Records shown Block Start

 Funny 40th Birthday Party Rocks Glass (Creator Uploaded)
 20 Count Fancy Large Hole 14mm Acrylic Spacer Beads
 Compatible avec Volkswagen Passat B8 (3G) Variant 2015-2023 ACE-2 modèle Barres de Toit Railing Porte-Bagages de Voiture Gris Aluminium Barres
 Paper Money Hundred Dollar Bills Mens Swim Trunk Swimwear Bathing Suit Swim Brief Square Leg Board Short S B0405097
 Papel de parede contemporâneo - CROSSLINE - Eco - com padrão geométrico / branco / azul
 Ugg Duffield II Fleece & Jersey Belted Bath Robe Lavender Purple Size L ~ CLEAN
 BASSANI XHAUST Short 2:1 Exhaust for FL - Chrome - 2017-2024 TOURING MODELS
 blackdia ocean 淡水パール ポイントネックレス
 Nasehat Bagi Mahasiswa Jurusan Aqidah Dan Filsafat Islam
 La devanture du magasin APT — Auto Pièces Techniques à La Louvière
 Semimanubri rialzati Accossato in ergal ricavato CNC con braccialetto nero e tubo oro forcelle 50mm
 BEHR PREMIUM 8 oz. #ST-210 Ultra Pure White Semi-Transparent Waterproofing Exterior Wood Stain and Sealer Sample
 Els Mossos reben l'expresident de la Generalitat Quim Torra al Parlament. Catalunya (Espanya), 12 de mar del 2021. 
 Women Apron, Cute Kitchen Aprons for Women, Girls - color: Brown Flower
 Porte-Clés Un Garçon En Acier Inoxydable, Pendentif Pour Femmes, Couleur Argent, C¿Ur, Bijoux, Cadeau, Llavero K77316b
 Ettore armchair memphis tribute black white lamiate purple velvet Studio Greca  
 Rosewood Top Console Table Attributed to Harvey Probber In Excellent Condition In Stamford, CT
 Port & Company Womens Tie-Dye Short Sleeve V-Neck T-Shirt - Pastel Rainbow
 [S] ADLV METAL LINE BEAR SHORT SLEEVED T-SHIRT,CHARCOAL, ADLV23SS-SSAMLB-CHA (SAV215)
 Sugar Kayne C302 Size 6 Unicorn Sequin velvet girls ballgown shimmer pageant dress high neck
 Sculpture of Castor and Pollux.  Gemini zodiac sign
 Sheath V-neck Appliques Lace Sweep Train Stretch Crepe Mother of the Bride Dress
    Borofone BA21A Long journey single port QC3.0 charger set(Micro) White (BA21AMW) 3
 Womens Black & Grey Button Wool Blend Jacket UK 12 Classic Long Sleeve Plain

Records shown Block End

_Your task_
Write out again exactly the lines that run from the one holding "Borofone BA21A Long" through the last line of the data; omit all other lines.

_Response to the task_
    Borofone BA21A Long journey single port QC3.0 charger set(Micro) White (BA21AMW) 3
 Womens Black & Grey Button Wool Blend Jacket UK 12 Classic Long Sleeve Plain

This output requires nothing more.